**Your goal**
Copy nothing before the line containing "Separat arbetsyta i". Reproduce that line and all that follow, exactly, through the end of the records.

**Dataset records**
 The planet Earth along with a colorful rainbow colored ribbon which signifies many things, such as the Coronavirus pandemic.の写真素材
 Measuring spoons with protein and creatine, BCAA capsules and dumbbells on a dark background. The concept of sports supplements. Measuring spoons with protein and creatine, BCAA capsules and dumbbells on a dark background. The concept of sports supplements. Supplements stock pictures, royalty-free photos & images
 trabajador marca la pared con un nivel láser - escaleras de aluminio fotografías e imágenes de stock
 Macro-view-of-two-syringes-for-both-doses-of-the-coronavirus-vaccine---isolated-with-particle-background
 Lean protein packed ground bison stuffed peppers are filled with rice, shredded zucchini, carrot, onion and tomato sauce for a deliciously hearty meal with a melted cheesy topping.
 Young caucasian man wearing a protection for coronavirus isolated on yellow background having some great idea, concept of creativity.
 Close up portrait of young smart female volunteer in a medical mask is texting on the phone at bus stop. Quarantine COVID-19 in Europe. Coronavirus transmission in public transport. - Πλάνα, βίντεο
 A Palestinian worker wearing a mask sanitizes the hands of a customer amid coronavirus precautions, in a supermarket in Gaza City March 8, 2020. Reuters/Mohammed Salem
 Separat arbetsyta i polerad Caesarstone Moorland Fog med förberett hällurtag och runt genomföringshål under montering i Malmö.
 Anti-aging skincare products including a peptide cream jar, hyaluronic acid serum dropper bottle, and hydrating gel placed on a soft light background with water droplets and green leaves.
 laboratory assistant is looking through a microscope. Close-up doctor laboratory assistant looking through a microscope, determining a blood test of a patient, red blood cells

**Result below**
 Separat arbetsyta i polerad Caesarstone Moorland Fog med förberett hällurtag och runt genomföringshål under montering i Malmö.
 Anti-aging skincare products including a peptide cream jar, hyaluronic acid serum dropper bottle, and hydrating gel placed on a soft light background with water droplets and green leaves.
 laboratory assistant is looking through a microscope. Close-up doctor laboratory assistant looking through a microscope, determining a blood test of a patient, red blood cells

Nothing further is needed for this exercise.